Stefan Schubert
Der gläserne Bürger:
Schnüffeln auf Hightech-Niveau
Schnüffeln auf Hightech-Niveau
Polizei, Militär und Geheimdienste starten die Massenüberwachung mit künstlicher Intelligenz. Diese Feststellung bezieht sich keineswegs auf die USA, wo dieses Szenario längst Realität ist, sondern auf Deutschland. Die Amerikanisierung deutscher Sicherheitsorgane schreitet im digitalen Zeitalter rasant voran. Unter dem Vorwand der (islamistischen) Terrorismusbekämpfung erhalten die Sicherheitsbehörden nun »Machtbefugnisse wie vor 1945«, mahnen besorgte Kritiker.

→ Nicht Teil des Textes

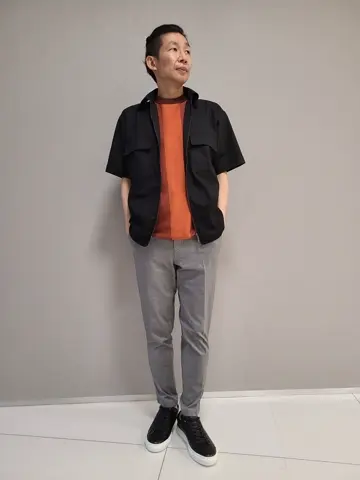 JOSEPH HOMME 泉 コーディネート画像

Die bestehende Sicherheitsarchitektur wurde Deutschland von den Siegermächten des Zweiten Weltkriegs aufgezwungen. Daher wurde das organisatorische Gefüge 1949 nicht nach den optimalsten Gesichtspunkten bestimmt, sondern es sollte vor allem dem Ziel dienen, einen neuerlichen Polizeistaat zu verhindern. Ein Apparat wie die Gestapo sollte nie wieder auf deutschem Boden möglich sein. Daraus resultiert auch das Trennungsgebot von Polizei und Inlandsgeheimdiensten. Der Verfassungsschutz sollte zwar Extremisten überwachen und Informationen sammeln, Verhaftungen und Hausdurchsuchungen blieben jedoch Polizeikräften vorbehalten.

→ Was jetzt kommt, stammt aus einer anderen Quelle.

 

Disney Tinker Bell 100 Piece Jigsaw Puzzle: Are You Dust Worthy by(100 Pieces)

Polizei erhält Geheimdienstbefugnisse
Dass dieses Trennungsgebot durch die massive Ausweitung der polizeilichen Staatsschutzabteilungen längst durch die Hintertür abgebaut wurde, steht auf einem anderen Blatt. Auch die föderale Struktur, um nicht zu sagen Zersplitterung der inneren Sicherheit ist eine Anweisung der Siegermächte gewesen, die bis heute von der Politik beibehalten wird. Einen Zustand, den die Amerikaner paradoxerweise immer wieder stark kritisieren, wie etwa nach 9/11 und im Falle der unentdeckten al-Qaida-Zelle um Mohammed Atta in Hamburg.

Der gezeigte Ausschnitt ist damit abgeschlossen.